__Supplied information__:

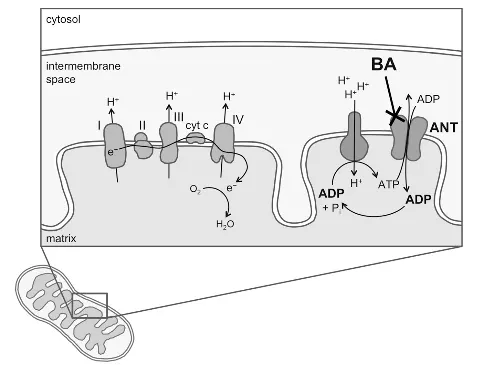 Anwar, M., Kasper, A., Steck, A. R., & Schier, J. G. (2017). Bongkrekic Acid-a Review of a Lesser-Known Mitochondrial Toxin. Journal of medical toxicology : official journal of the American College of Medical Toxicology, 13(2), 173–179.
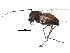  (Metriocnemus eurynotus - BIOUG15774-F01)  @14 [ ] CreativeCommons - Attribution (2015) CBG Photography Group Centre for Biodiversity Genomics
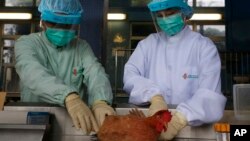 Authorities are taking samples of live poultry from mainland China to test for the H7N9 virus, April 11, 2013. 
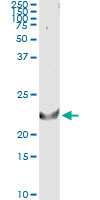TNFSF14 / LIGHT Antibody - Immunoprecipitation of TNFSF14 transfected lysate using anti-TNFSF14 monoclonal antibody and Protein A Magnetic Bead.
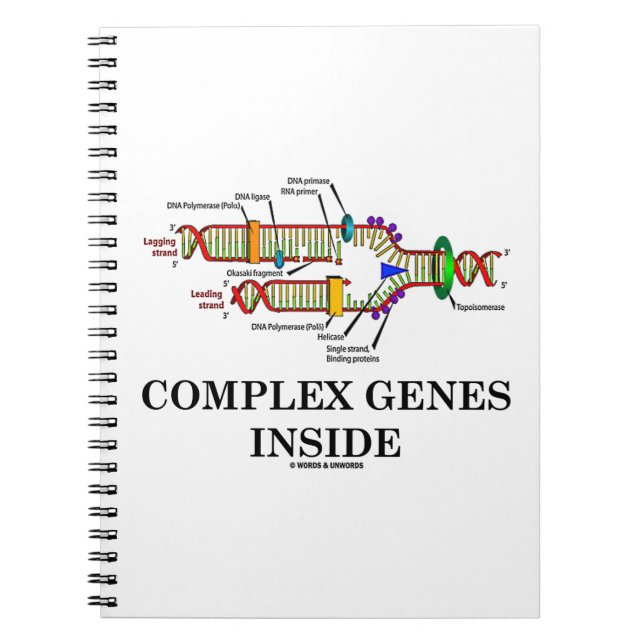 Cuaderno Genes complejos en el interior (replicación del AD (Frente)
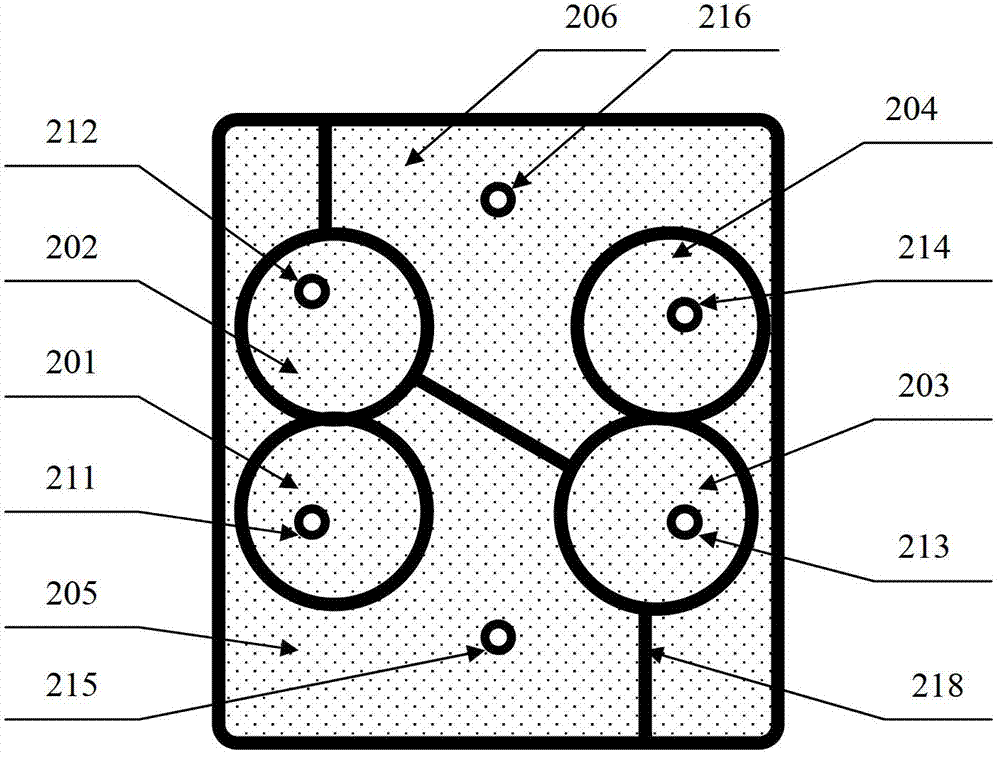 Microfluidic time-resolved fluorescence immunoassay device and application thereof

...

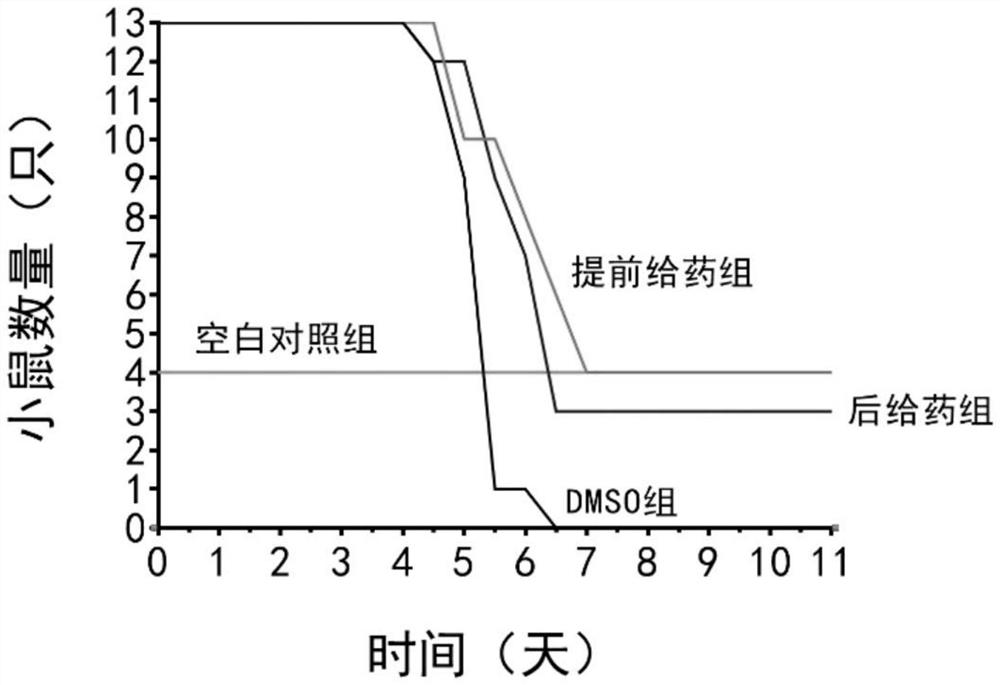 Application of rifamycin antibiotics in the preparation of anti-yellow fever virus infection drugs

__Prompt__: When you reach the line that has "TNFSF14 / LIGHT" in the data above, start repeating lines exactly, and stop after the line that has "Microfluidic time-resolved fluorescence"; pictures stay out.

__Solution__:
TNFSF14 / LIGHT Antibody - Immunoprecipitation of TNFSF14 transfected lysate using anti-TNFSF14 monoclonal antibody and Protein A Magnetic Bead.
 Cuaderno Genes complejos en el interior (replicación del AD (Frente)
 Microfluidic time-resolved fluorescence immunoassay device and application thereof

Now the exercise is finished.